An diesem Mut und den erzielten Erfolgen sollten wir uns orientieren.

Deshalb müssen wir uns immer wieder aufs Neue die Frage stellen:

Was hilft zugewanderten Spätaussiedlern bei der Integration?

Wie erreichen wir die gleichberechtigte Teilhabe in allen Bereichen unserer Gesellschaft?

Was müssen wir als Integrationsleistung von den Zuwanderern selbst einfordern?

In Niedersachsen gibt es viele Maßnahmen und Projekte, die die sprachliche, berufliche, kulturelle und soziale Integration fördern. Das Land, die Städte und Gemeinden sowie die sozialen Vereine und Verbände, die Kirchen, die Bildungseinrichtungen, die Sportvereine aber insbesondere auch ihre Landsmannschaft tragen - jede auf ihre Art - dazu bei, die Integration unserer Spätaussiedler zu fördern.

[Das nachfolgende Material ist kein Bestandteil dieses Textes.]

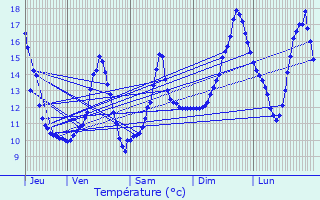 Graphique des tempratures prvues pour Lignerolles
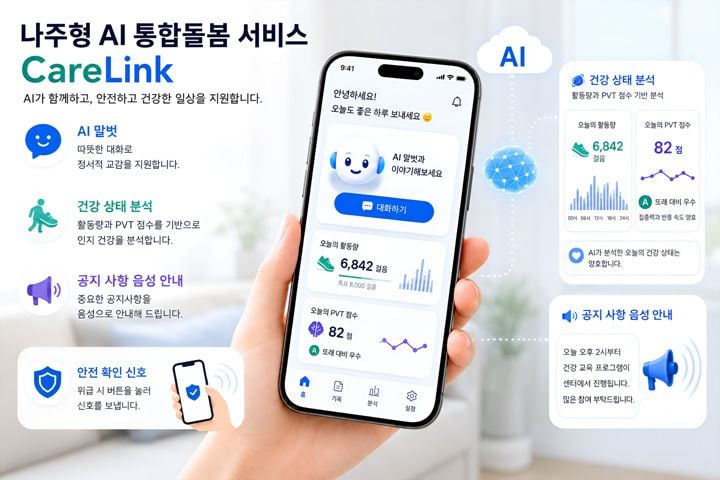 나주시가 9월부터 AI 기술을 접목한 'AI돌봄 CareLink' 시범사업을 추진한다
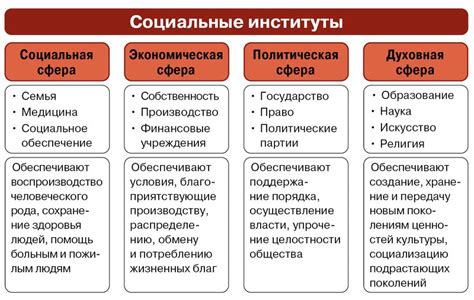 Взаимодействие социальных институтов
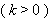 Equation image
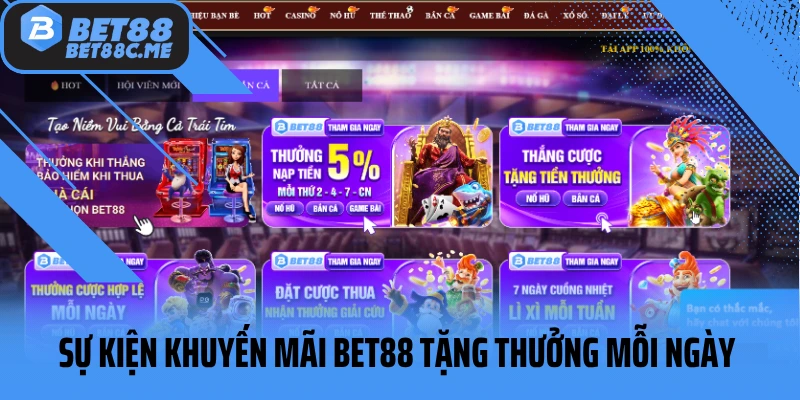 Sự kiện khuyến mãi BET88 tặng thưởng mỗi ngày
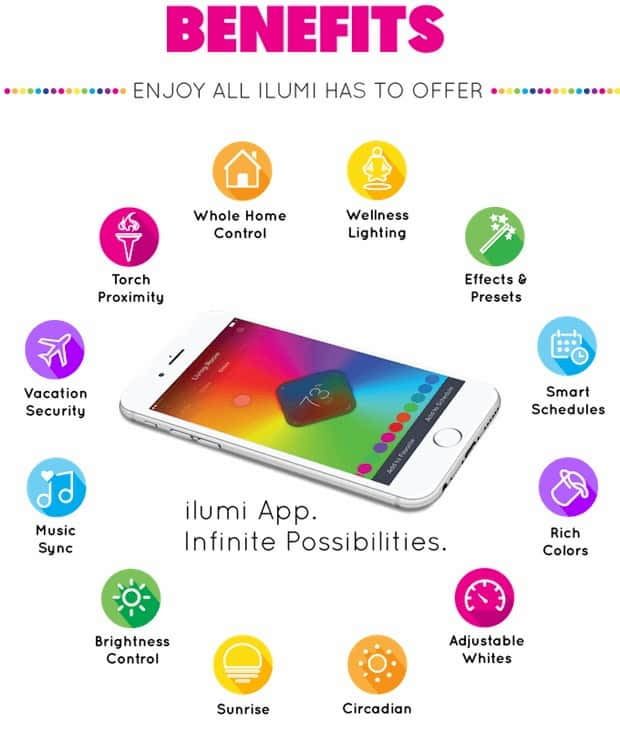 ilumi Smartstrip App ilumi Smartstrip App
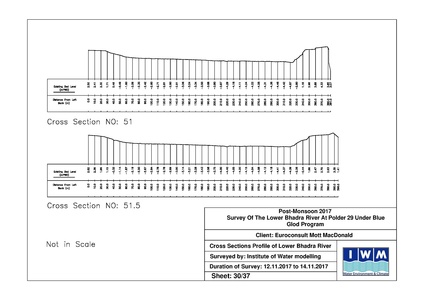 File:P29 IWM Lower Bhadra Survey Report 3rd Cycle nov 17.pdf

Die Landesregierung hat, um die politische Bedeutung des Anliegens zu unterstreichen, den Landtagsabgeordneten Rudolf Götz zum Landesbeauftragten für Heimatvertriebene und Spätaussiedler bestellt.

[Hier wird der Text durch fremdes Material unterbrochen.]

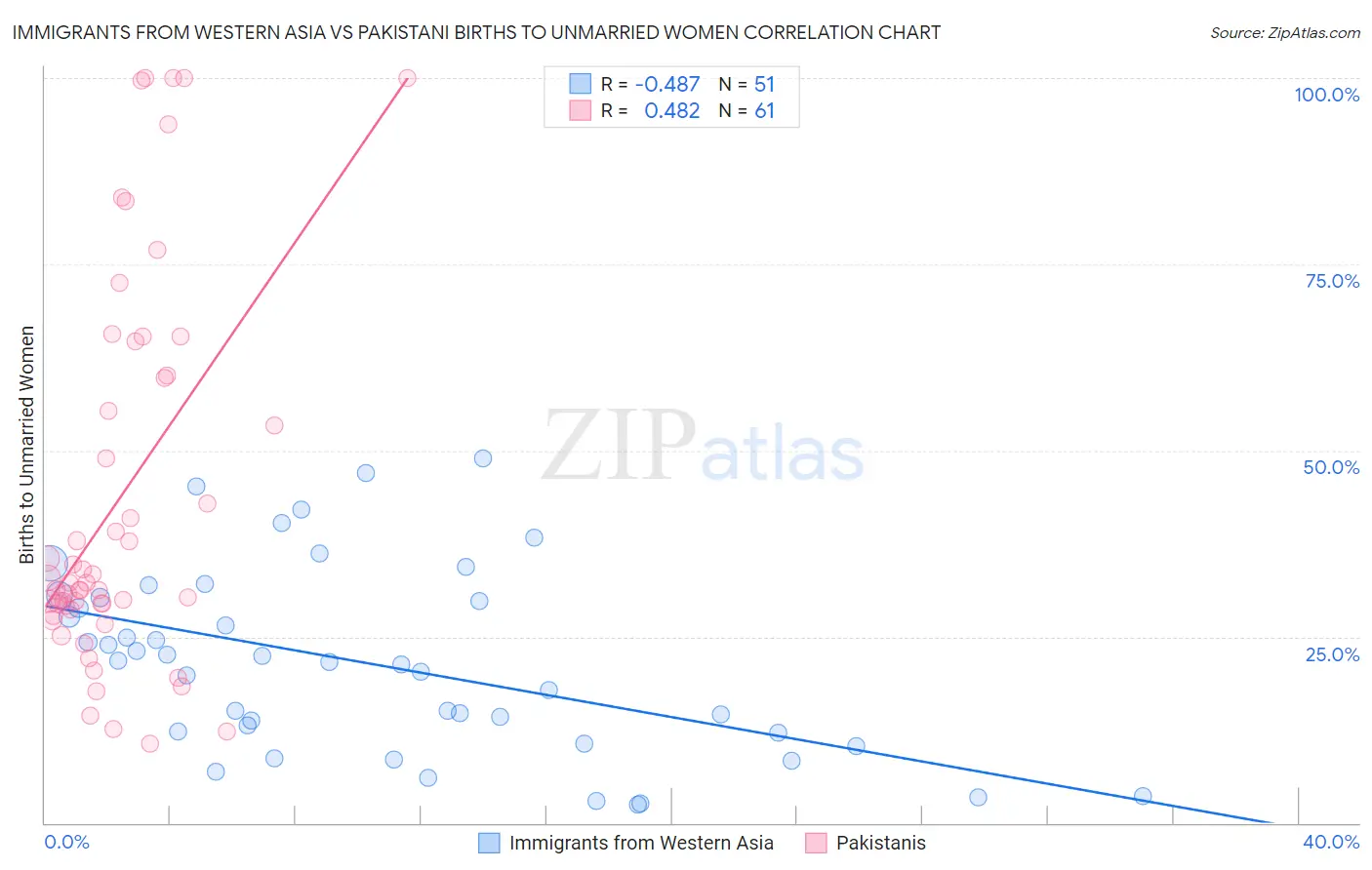 Immigrants from Western Asia vs Pakistani Births to Unmarried Women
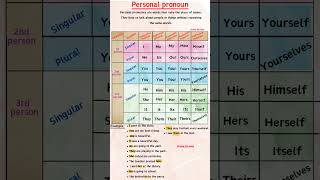 Personal pronoun #english #englishgrammar #englishtips #basicgrammer #ielts #easyenglisheveryday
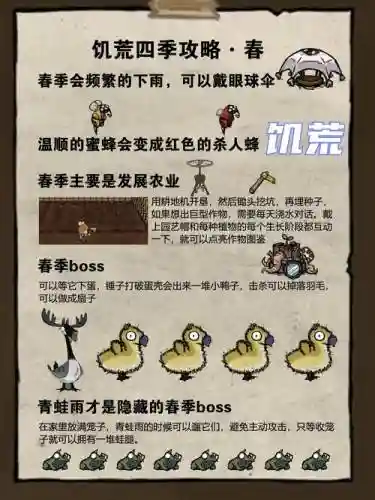 饥荒涅普顿技能插图1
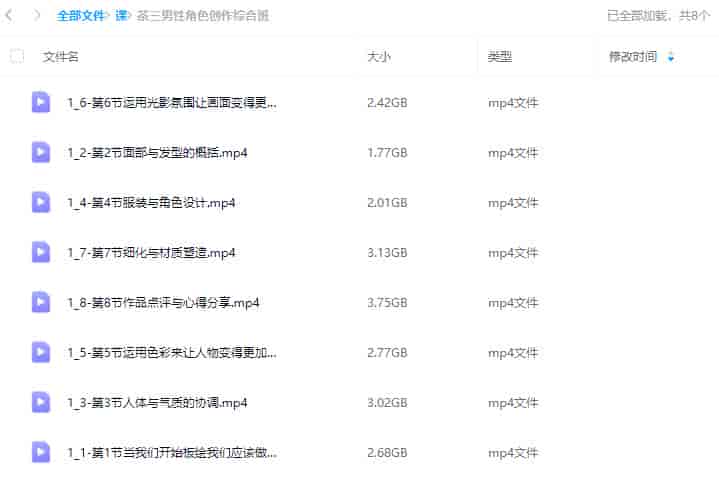 茶三男性角色创作综合班2024【画质高清只有视频】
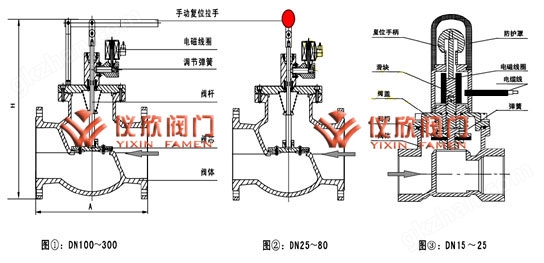 万喜堂app下载彩票 ZCK系列电磁阀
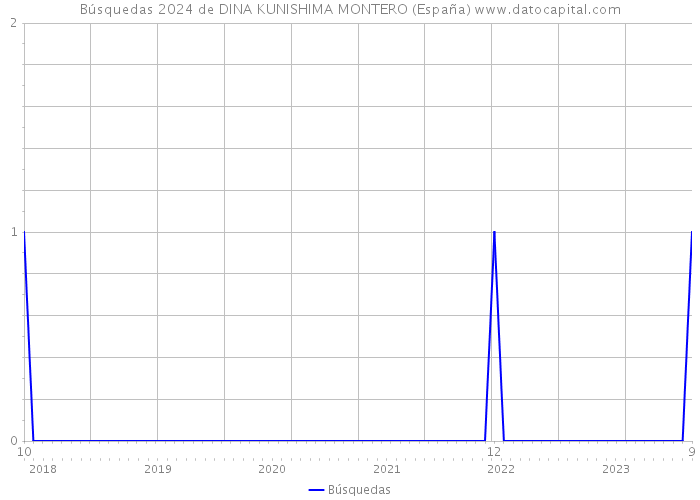 Búsquedas 2024 de DINA KUNISHIMA MONTERO (España)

An dieser Stelle kann ich nicht jede gute Maßnahme und jedes Engagement benennen. Nur soviel: Von entscheidender Bedeutung ist, dass unsere Kinder und Jugendlichen vernünftig die deutsche Sprache lernen. Fördern und Fordern! Eine gute Schulbildung ist Voraussetzung, um später am Arbeitsmarkt bestehen zu können. Keiner darf hier verloren gehen. Jeder Euro, der hier investiert wird, ist gut angelegtes Geld!

Der Landesregierung ist es außerdem ein Kernanliegen, dass Bildungsabschlüsse von Zuwanderern zukünftig schneller und problemloser geprüft und anerkannt werden. Nicht zuletzt deshalb, weil wir damit auch dem drohenden Fachkräftemangel nachhaltig entgegen wirken wollen.

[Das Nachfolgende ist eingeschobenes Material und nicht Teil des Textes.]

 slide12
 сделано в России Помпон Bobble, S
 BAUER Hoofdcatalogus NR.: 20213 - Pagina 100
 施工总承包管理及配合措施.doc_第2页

Aber wir wollen auch die Menschen vor Ort unterstützen und ihnen helfen, schneller heimisch zu werden. Diese Aufgabe nehmen die mit Unterstützung des Landes ausgebildeten Integrations-lotsen war. Denn: Es sind die persönlichen Begegnungen, die Integration erleichtern. Das richtige Wort zur richtigen Zeit. Hilfe, wenn sie gebraucht wird. Dort, wo sich Menschen ehrenamtlich engagieren, fällt Integration nach unseren Beobachtungen leichter.

Hier sind alle aufgerufen. Aber vor allem können die Menschen am besten helfen, die selbst erlebt haben, wie es ist, sich in einer neuen und zunächst fremden Welt zurechtzufinden.

Erfolge lassen sich belegen. So hat beispielsweise das Berlin-Institut für Bevölkerung und Entwicklung 2009 festgestellt: Die Aussiedler haben im Vergleich zu anderen Einwanderergruppen einen besseren Erfolg und gute Integrationswerte – ein Ergebnis, dass sich sehen lassen kann!

Gleichwohl dürfen wir bestehende Probleme bei der Eingliederung nicht „unter den Teppich kehren“. Vielmehr müssen diese – auch im Interesse der Betroffenen – offen angesprochen und nachhaltig gelöst werden.

Eines steht aber außer Zweifel: Die Integrationsbemühungen haben den Praxistest bestanden.

Die Mehrzahl der Spätaussiedler hat den Sprung in Ausbildung und Arbeitsmarkt geschafft. Sie sind fester Bestandteil der örtlichen Gemeinschaft und gute Nachbarn geworden. Sie tragen mit ihren Potenzialen zu einem vielfältigen, weltoffenen und innovativen Niedersachsen bei. Vorurteile und Diskriminierung gegenüber Spätaussiedlern, aber auch anderen Zuwanderern dürfen in unserem demokratischen Gemeinwesen keinen Platz haben!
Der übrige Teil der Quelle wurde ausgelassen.